Neutralising an Odoo database

Neutralising an Odoo database

Odoo Documentation

https://www.odoo.com/documentation/18.0/administration/on_premise.html

Duplicate a database
Duplicate a database by accessing the database manager on your server (<odoo-server>/web/database/manager). Typically, you want to duplicate your production database into a neutralized testing database. It can be done by checking the neutralize box when prompted, which executes all neutralize.sql scripts for every installed module.

Purpose

This procedure explains how to neutralise a duplicate or cloned on-premise Odoo database to safely test with real data without affecting production systems or external services.

Preconditions

  • The database must be a duplicate or cloned copy of the production database.
  • Admin access to Odoo database and system parameters.
  • Developer mode enabled.

Steps

1. Disable Outgoing Email

Option A – Disable Mail Servers

  1. Go to Settings → Technical → Email → Outgoing Mail Servers.
  2. Open each mail server.
  3. Untick Enabled.
  4. Save changes.

Option B – Use System Parameters

  1. Go to Settings → Technical → System Parameters.
  2. Create or update the following parameters:
mail.catchall.domain = False
mail.catchall.alias = False
ir.mail_server.smtp_server = 127.0.0.1

This ensures all outgoing emails are blocked.

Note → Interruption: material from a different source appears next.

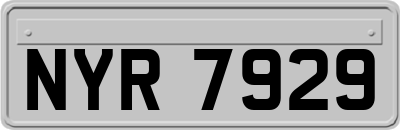 NYR7929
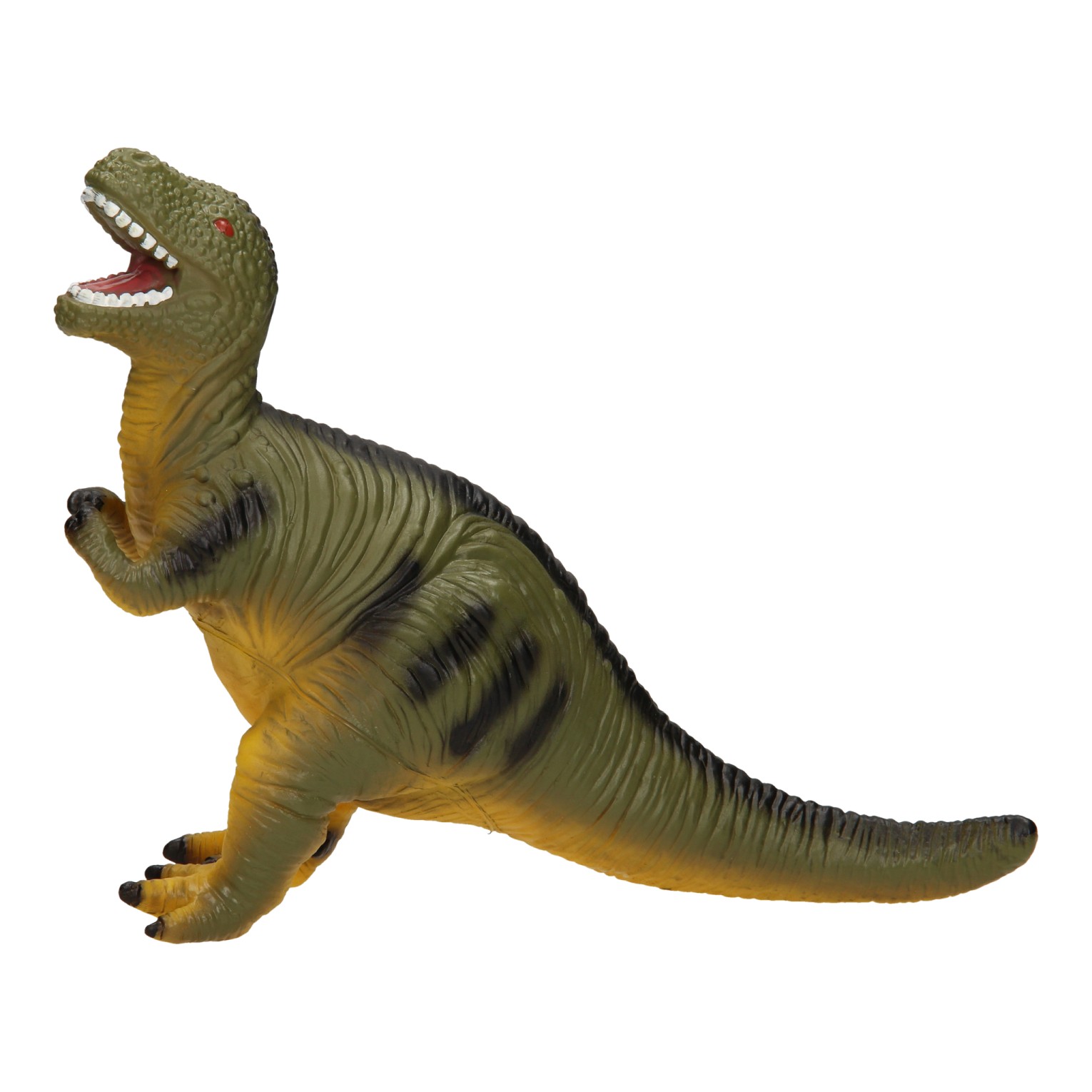 Soft Dino - T-Rex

2. Disable IAP (In-App Purchases)

  1. Navigate to Settings → General Settings → IAP.
  2. Remove or blank out the IAP Account Token and any API keys.
  3. Save changes.

Optional – System Parameters

iap.account.token = False
iap.disabled = True

3. Disable API Keys and External Integrations

  1. Go to Settings → Users & Companies → API Keys and archive or delete all API keys.
  2. Go to Settings → Technical → Automation → Automation Rules and archive all webhooks.
  3. Go to Invoicing → Configuration → Payment Providers and disable all providers.

4. Disable Scheduled Actions That Contact External Systems

  1. Navigate to Settings → Technical → Automation → Scheduled Actions.
  2. Identify actions that:
    • Send emails
    • Sync with external APIs
    • Call webhooks
    • Perform IAP operations
  3. Set Active = False for each relevant action.

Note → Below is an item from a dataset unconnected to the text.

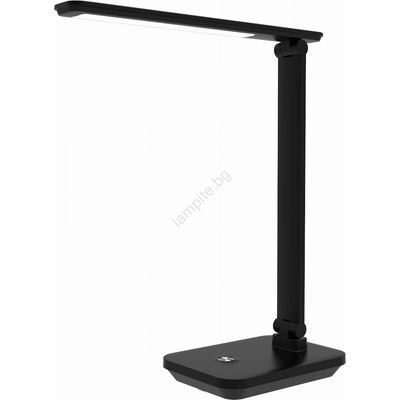 Platinet LED Димируема акумулаторна настолна сензорна лампа LED/5W/5V 6000mAh (PL0645)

5. Mark the Database as Neutralised

  1. Navigate to Settings → Technical → System Parameters.
  2. Add the following parameter:
database.neutralized = True

6. Remove Production Credentials

  • Disable or remove credentials for:
    • SMS gateways (Settings → Technical → SMS → SMS Accounts)
    • Shipping providers (DHL, UPS, Australia Post)
    • Accounting localizations and bank syncs
    • Online payment authorisations

7. Add a Warning Banner

  1. Activate Developer Mode.
  2. Go to Settings → Technical → User Interface → Views.
  3. Search for web.webclient_bootstrap.
  4. Duplicate the view for the test database.
  5. Insert the following HTML inside the <body> tag:
<div style="background-color:#b10000; color:white; padding:8px; text-align:center; font-weight:bold;">
THIS IS A NEUTRALISED TEST DATABASE — NO REAL TRANSACTIONS WILL OCCUR
</div>

8. Restrict User Access

  1. Navigate to Settings → Users.
  2. Select operational staff accounts.
  3. Click Action → Archive or remove all access rights except testers.

9. Validate Neutralisation

  • Attempt to send an email — it should fail or stay in the queue.
  • Attempt to perform an IAP purchase — it should block.
  • Verify API calls and webhooks — no external services should be triggered.
  • Verify scheduled actions — nothing should affect production or external systems.

Notes

  • Neutralisation on-premise is permanent and cannot be automatically reversed.
  • Always keep the production database separate and do not perform tests on it.
  • This procedure mirrors the neutralisation behaviour of Odoo SaaS databases.